VENISE: Sur la mythique place Saint-Marc à Venise, plongée dans un épais brouillard, flânent des couples déguisés en nobles de la Sérénissime et des enfants costumés s'aspergent de confettis. C'est le coup d'envoi du carnaval, mais version Covid, en grande partie virtuel et sans la foule habituelle de touristes.
« C'est totalement surréaliste. Ce qui me frappe le plus, c'est le silence. Pendant le carnaval, on entendait toujours la musique, les gens qui s'amusent. Mais Venise sous les brumes, ça reste un endroit magique », estime Chiara Ragazzon, 47 ans.
Cette employée de bureau est venue avec son mari de Jesolo, à une cinquantaine de kilomètres de là. Même si la Vénétie est passée en zone jaune, à risque modéré de contagion, les habitants ne peuvent pas se déplacer en dehors de la région italienne.
A quelques pas de la place Saint-Marc, Hamid Seddighi, 63 ans, vêtu d'une blouse de peintre tachée, s'affaire à confectionner un masque de carnaval: il le moule, le sculpte, le lisse délicatement, les mouvements sont rapides, d'une précision chirurgicale.
Dans l'atelier de sa boutique, Ca' del Sol, des masques faits de papier mâché, de dentelle ou de fer, ornés de cristaux de Swarovski, s'entassent sans trouver preneurs: depuis le début de la pandémie, son chiffre d'affaires a plongé de 70%, faute de touristes étrangers, sa principale clientèle.
« J'ai eu le coup de foudre pour les masques, j'en fait depuis 35 ans.

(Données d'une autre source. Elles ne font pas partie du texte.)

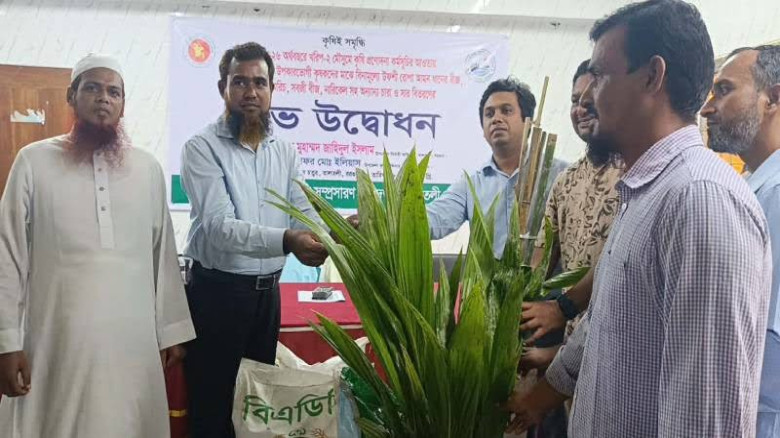 তালতলীতে ২ হাজার কৃষকের মাঝে সরকারি কৃষি প্রণোদনা বিতরণ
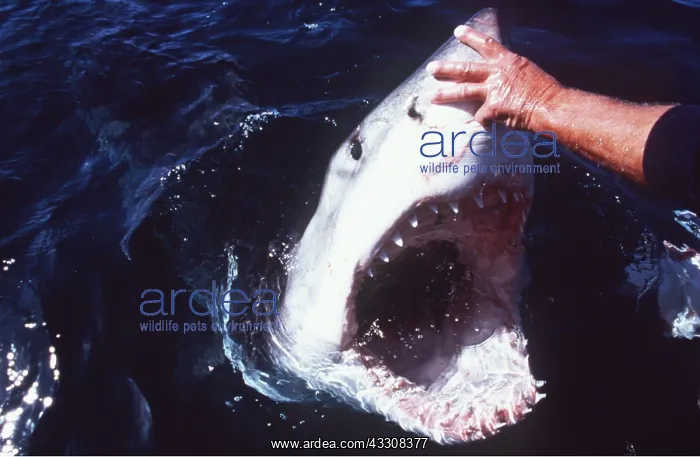 : Great White / White / White Pointer SHARK - man : Great White / White / White Pointer SHARK - man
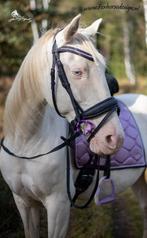 Nieuw! Zwart leren glitter hoofdstel full cob piny shet, Ophalen of Verzenden, Nieuw, Dressuur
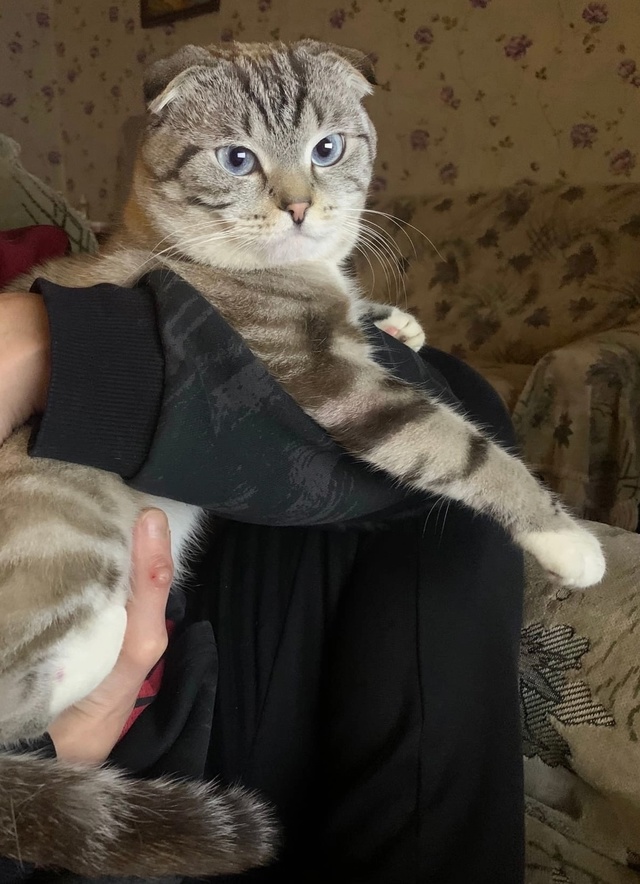 🆘🆘🆘 Вознаграждение гарантируем‼
Потерялся кот, у?...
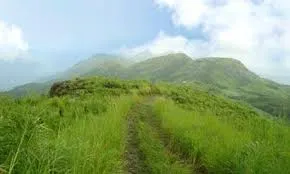 ilaveezhanpoonchira 12333333333333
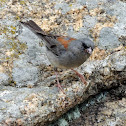 Dark-eyed Junco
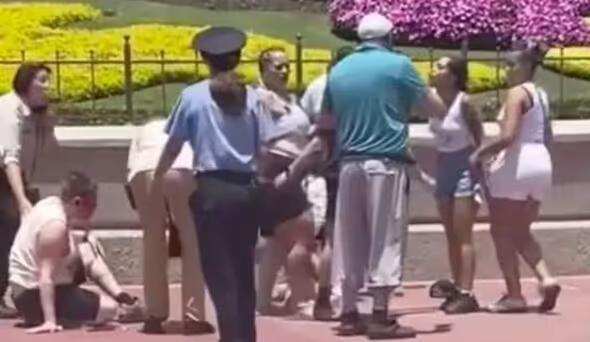 Video shows people punching each other as fight breaks out at Walt ...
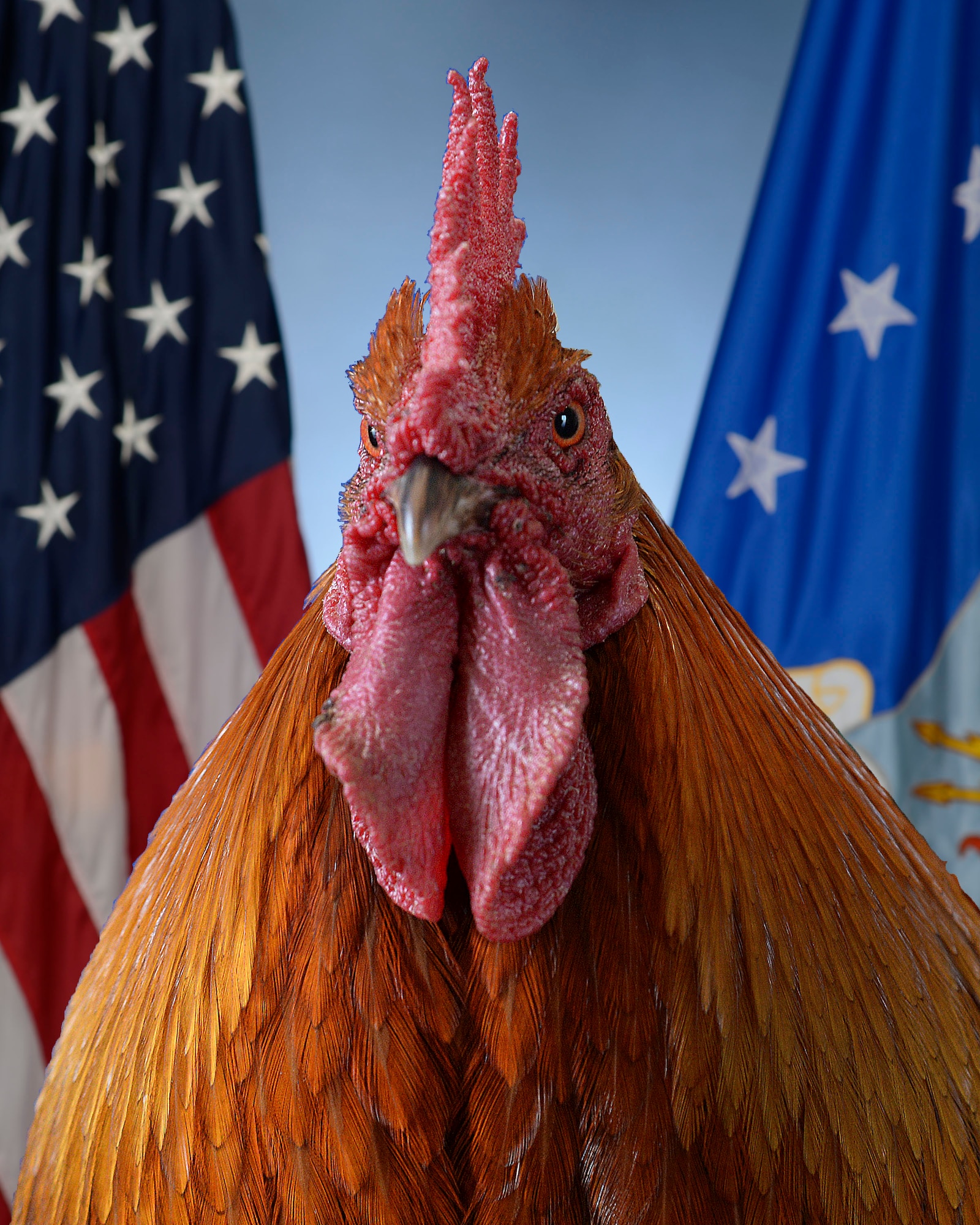 Bullet, 20th Equipment Maintenance Squadron munitions flight rooster,  is the mascot for the AMMO flight and helps boost morale of the Airmen at Shaw Air Force Base, S.C., May 14, 2014. The ammo flight has had a rooster mascot since 2003, their current Bullet is the fourth. (U.S. Air Force photo illustration by Airman 1st Class Michael A. Cossaboom/Released)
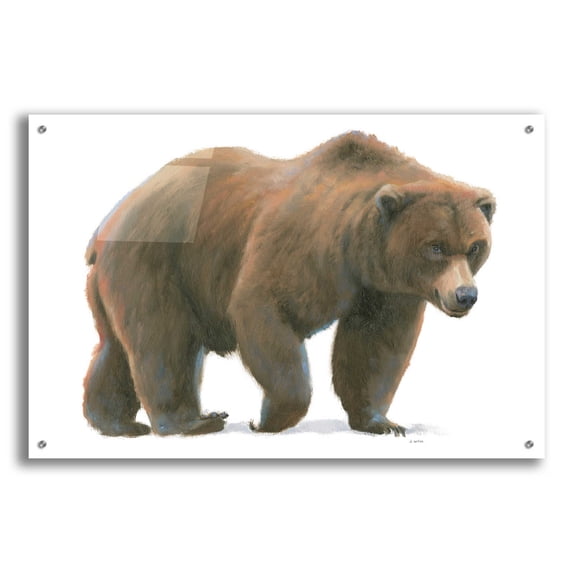 Epic Art 'Northern Wild I' by James Wiens, Acrylic Glass Wall Art, 36"x24"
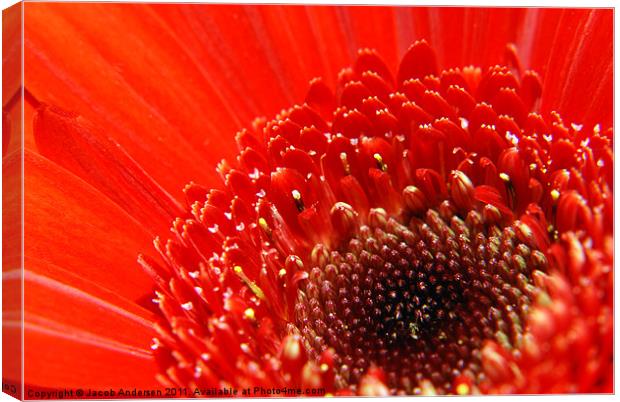 Red Flower Canvas Print by Jacob Andersen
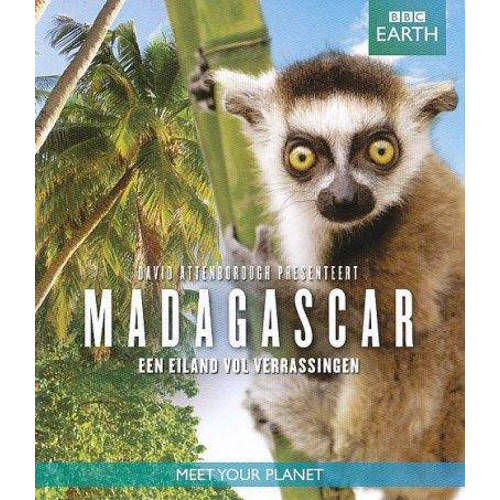 Bbc Earth Madagascar Blu Ray huismerk kopen in de aanbieding Bbc Earth Madagascar Blu Ray huismerk kopen in de aanbieding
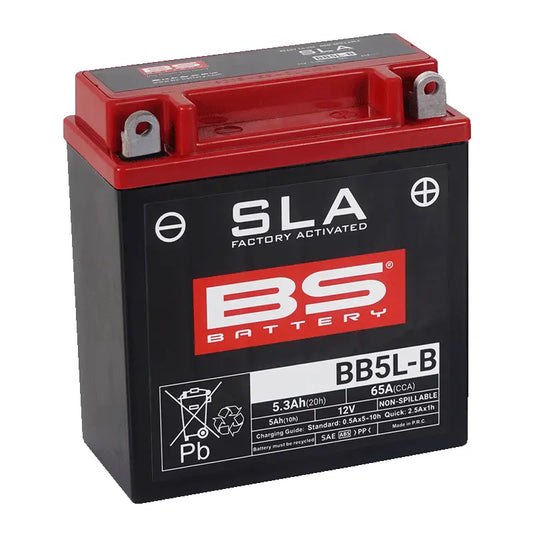 BS BATTERY BB5L-B AGM Underhållsfri Batteri 12V bild 1 PMMEDIA:45925067a6388abb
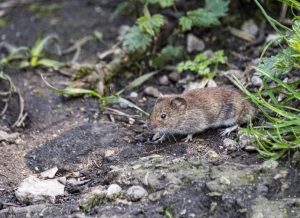 Vole Removal Experts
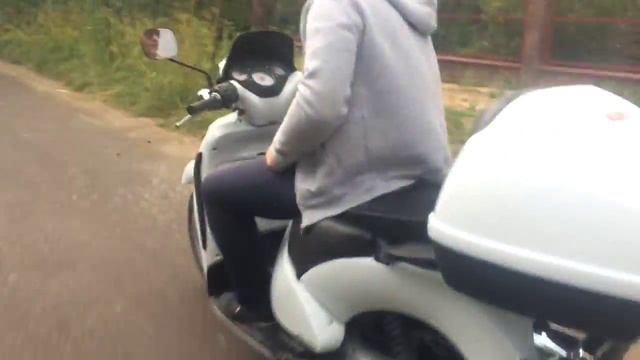 Ровер і скутер смотреть онлайн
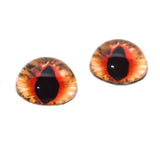 Orange fantasy cat high dome glass eyes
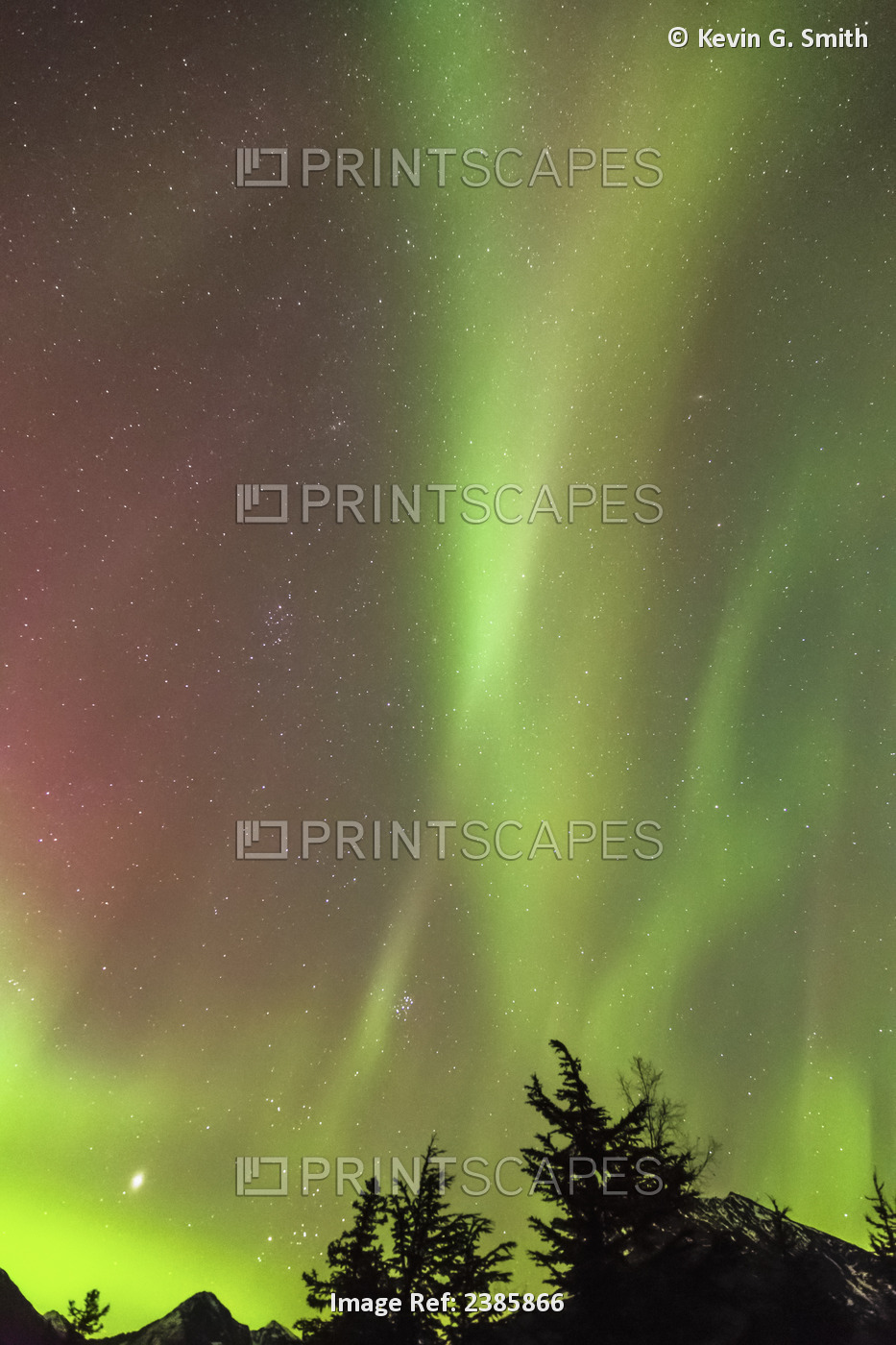 Northern Lights In The Sky Above Moose Pass With Silhouetted Trees In The ...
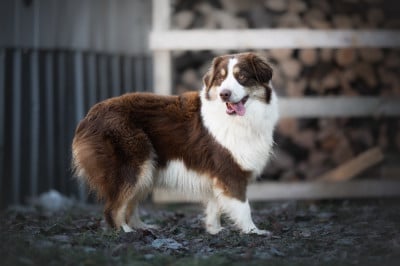 https://chiens-de-france.com/photo/chiens/2025_01/tn200/TN200_2025121514225769400bb1aca1a.jpeg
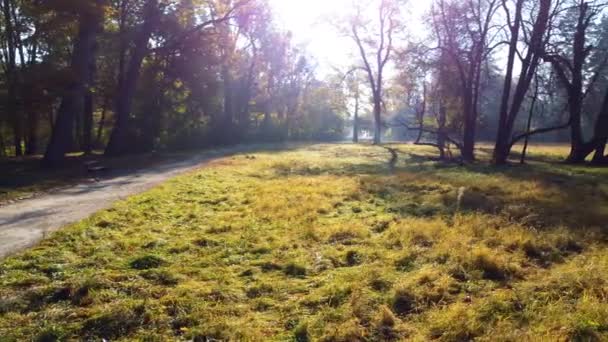 Schuif Het Zandpad Weide Met Gras Bomen Met Gele Bladeren — Stockvideo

Mais là c'est dramatique, je n'en ai vendu que deux pour le carnaval », se désole l'artisan d'origine iranienne en ajustant son béret noir.
Avant la pandémie, le carnaval rapportait environ 70 millions d'euros, dépensés par une moyenne de 567000 touristes, selon la commune de Venise.
Devant la Basilique Saint-Marc, une trentaine d'artisans masqués portant de longues capes noires se figent en silence pour « rappeler au monde qu'ils existent encore et résistent ».
Pour inciter les habitants de la cité des Doges à perpétuer la tradition, l'association des artisans de Venise a lancé une campagne assortie de rabais, sur le thème: « Le carnaval des Vénitiens, masqués ... et avec le masque » anti-Covid.
« Venise est désertée par les touristes, c'est pour les Vénitiens l'occasion de se réapproprier et redécouvrir leur ville », explique son directeur, Gianni De Checchi. « Ces 25 dernières années, le tourisme de masse a déréglé le tissu socio-économique du centre de Venise. Et d'une certaine manière, il a dévoyé le carnaval ».
« Peste et choléra »
« Nous ne venions plus avec ma femme pour le carnaval, il y avait trop de monde. Là c'est historique, une ville vide », témoigne Peter, un médecin autrichien de 65 ans - l'un des rares touristes étrangers à Venise. « C'était le moment d'y aller, avec la pandémie, car ils ont eu la peste et le choléra dans le passé et ça rappelle +Mort à Venise+ », le film de Luchino Visconti.
La commune de Venise, qui avait été contrainte d'écourter les festivités du carnaval lorsque la pandémie avait éclaté en février dernier, mise cette fois sur des clips vidéos diffusés en ligne qui mettent en scène des Vénitiens costumés.
« C'est une manière de revigorer les liens qui nous unissent à des millions de personnes qui aiment Venise », explique le conseiller pour le tourisme, Simone Venturini.
« S'amuser en plein Covid »
Parmi ces scènes filmées, un menuet improvisé sur le pont du Rialto par un groupe de passionnés du carnaval en costumes baroques.
« On voulait montrer que Venise n'est pas une ville morte, qu'on peut s'amuser même en plein Covid », dit l'un d'entre eux, Armando Bala, 42 ans, coiffé d'une perruque Rococo et vêtu d'une redingote en velours rouge brodée à la main.
Avec sa femme Arnisa, il gère depuis plus de 20 ans la boutique La Bauta. Sur les étals, de somptueux costumes d'époque jouxtent des masques artisanaux inspirés des personnages de la Commedia dell'Arte, comme Arlequin ou Colombine.
Le carnaval contribue pour environ 40% au chiffre d'affaires de La Bauta, et une bonne partie provient des touristes français, grands amateurs du carnaval de Venise.
« On ne cherche pas à faire de l'argent, on veut juste survivre », assure Armando Bala.